It finally came. After being released for the Toronto film festival back in 2014, general audiences last night could go see the concert film of Roger Waters’ latest staging of rock epic The Wall for one night only. It was a big opportunity for those of us who have never been able to see the legendarily ambitious live show in the flesh.
Where to start with a review though? Summarise the much discussed concept album, the live show, the prior concerts, the film version, the historical disputes with other Pink Floyd band members, the excerpts and bonus material featured with this latest screening? As with all things regarding The Wall, the depth and breadth of the enterprise is daunting to approach, even to review.
The foundational bricks in the wall
Let’s start simply. For the uninitiated, The Wall is a high concept double album by Pink Floyd chronicling the decent into madness of a rock star that serves as – variously – a commentary, parody and allegory for state surveillance, conformity, fascism, sexual repression, misogyny, you name it. It also works through the biographical anxieties of primary song writer Waters who, like the protagonist of The Wall, lost his father in World War II before he had any memory of him.
This particular screening of Roger Waters The Wall features the concert footage itself, a preamble by Liam Neeson, an epilogue (The Simple Facts) of a conversation between Waters and fellow Pink Floyd alumnus Nick Mason. Interspersed are excerpts of Waters’ trip from the World War I cemetery in France where his grandfather is buried (similarly killed before Waters’ own father knew him) to the Monte Cassino memorial that commemorates the battle where he lost his father.
I have to say, a lot of the addenda paled in comparison to the main piece for me. Some of these elements were innocuous enough. The conversation between Mason and Waters sadly felt a bit cursory until they ended up reflecting briefly on the fact that they have lost both Richard Wright and Syd Barrett and are now out of touch with David Gilmour. It is a sad reminder of the state of the original band. The excerpts throughout the concert are more varied. They never seem to unduly break up the live show but the particularly stagey entries in that narrative don’t add anything. Far better and more appropriately handled are simply the moments when Waters is reflecting at his relatives’ gravesites on how he’s had two generations of fatherless children in his family because of the abuses of violent statecraft.
We don’t need no intermission
Whether or not I had the odd issues with the peripherals, the fact remains that the core of this is the concert of The Wall and it remains one of the most notorious stage shows for a reason. Waters and the band play through the album as a wall is constructed in front of them, only then to start performing behind, in front of, within, and above the wall, all the while staging pseudo-fascist rallies, launching the inevitable floating pigs, and giving a spectacular light show as the wall becomes a projector screen for fantastical images and the iconic animations of Gerald Scarfe. This all builds to the crescendo of the finale when our protagonist is finally released from his self-made prison of molly-coddling, sexual neuroses and fascist ideology, and the giant construct literally topples down in front of the audience.
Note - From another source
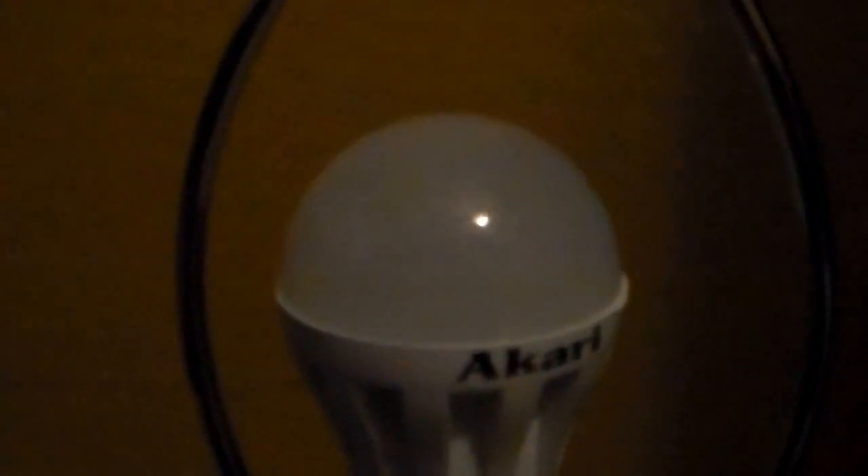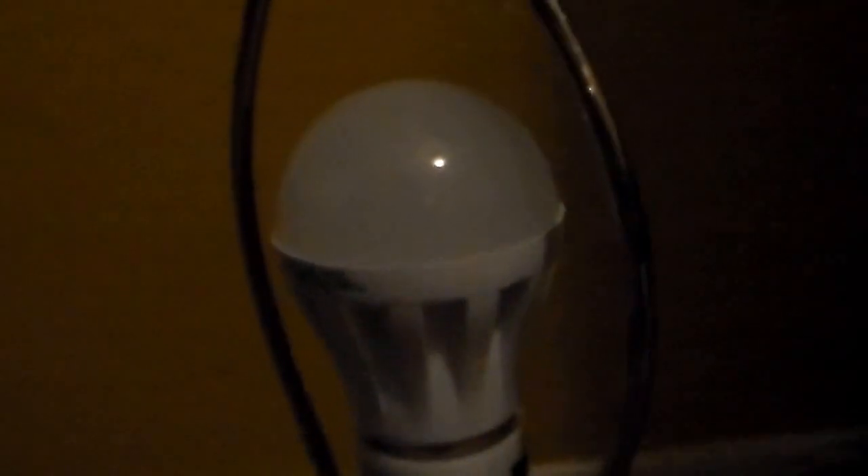Hello YouTubers, today I'm going to show you if a 220-volt light bulb will run on 110. I'm answering this question for folks that love collecting light bulbs or like bringing light bulbs from overseas, because I did some research and couldn't find videos about whether LED light bulbs could run on 110 if rated 220. This one is from the Philippines.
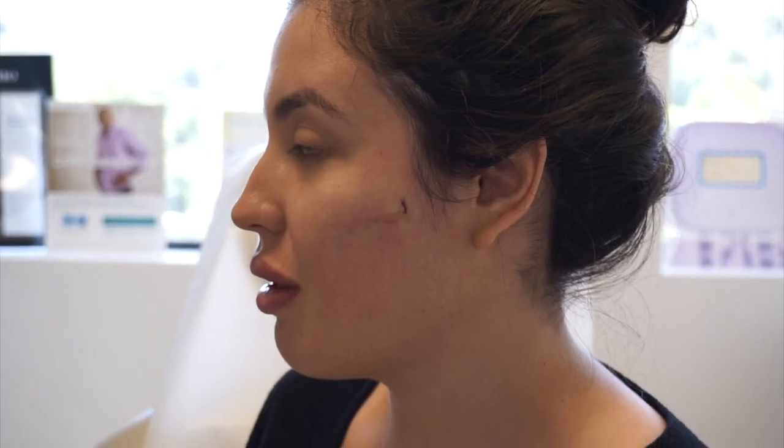I wanted to show you the after from this angle — you can see the fillers right away. By the way, I'm holding my mouth open like that because my face is numb. Here's another close-up. This is after I also got my lips filled, which will be in the video I'll link below.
To say this is one for the existing fans seems obvious. I can’t imagine anyone recommends a nearly three-hour long concert screening as an entry point for Pink Floyd or Roger Waters. The shots of adulating fans singing along word perfectly throughout the entire piece, the sea of Floyd t-shirts and the merchandise precisely deployed for the relevant songs by the audience does create the odd spectacle of people attending an ironic pseudo-Nazi rally itself becoming a rally for a cult. But was anyone under the impression this music was not famous and immensely popular?
The show has moved on
This latest live show does come with some changes to keep up with modern times. The wall as projection screen is arguably taken to its apex but for me the main appeal on that front has always been seeing its collapse. The theme of state terror and violence is elucidated with modern overlays presenting the faces and names of dead Iraqi civilians, dead servicemen, dead protesters from Iran, dead African Americans killed by the police… It’s a consummate and categorical account of government abuse internationally.
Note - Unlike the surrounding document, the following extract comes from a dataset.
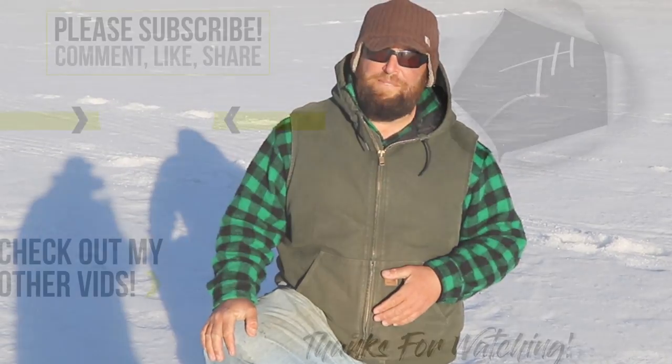Those are a couple of tips for you — I hope that helps. If you have any questions, put them in the comments below. Make sure you hit that subscribe button, throw a like on there if you like it, and let's get out and catch some fish.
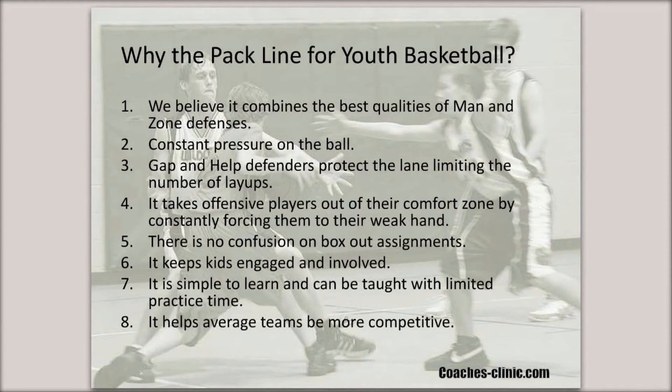Why the Pack Line for youth basketball? We believe it combines the best qualities of man and zone defenses. We constantly have pressure on the ball, and we have both gap and help defenders that help protect the lane, limiting the number of layups. It's very hard for a team to spread us out. It takes offensive players out of their comfort zone by constantly forcing them to their weak hand. There's little to no confusion on box-out assignments, so everyone knows who they should be blocking out. It keeps kids engaged and involved, as opposed to having to guard specific areas on the floor. It's simple to learn and can be taught with limited practice time, which is a huge advantage for the youth coach. Most importantly, we believe it helps average teams be more competitive.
It seems reductive to even give some sort of yay-nay assessment. The Wall is a cultural institution at this point (perhaps a troublesome position to be in for a counter-cultural monolith) and I struggle to think my two cents would account for much. Roger Waters The Wall is a colossal extravaganza that I adored. I may have the odd gripe about a few special features but this is not a substantial flaw in this titanic musical piece.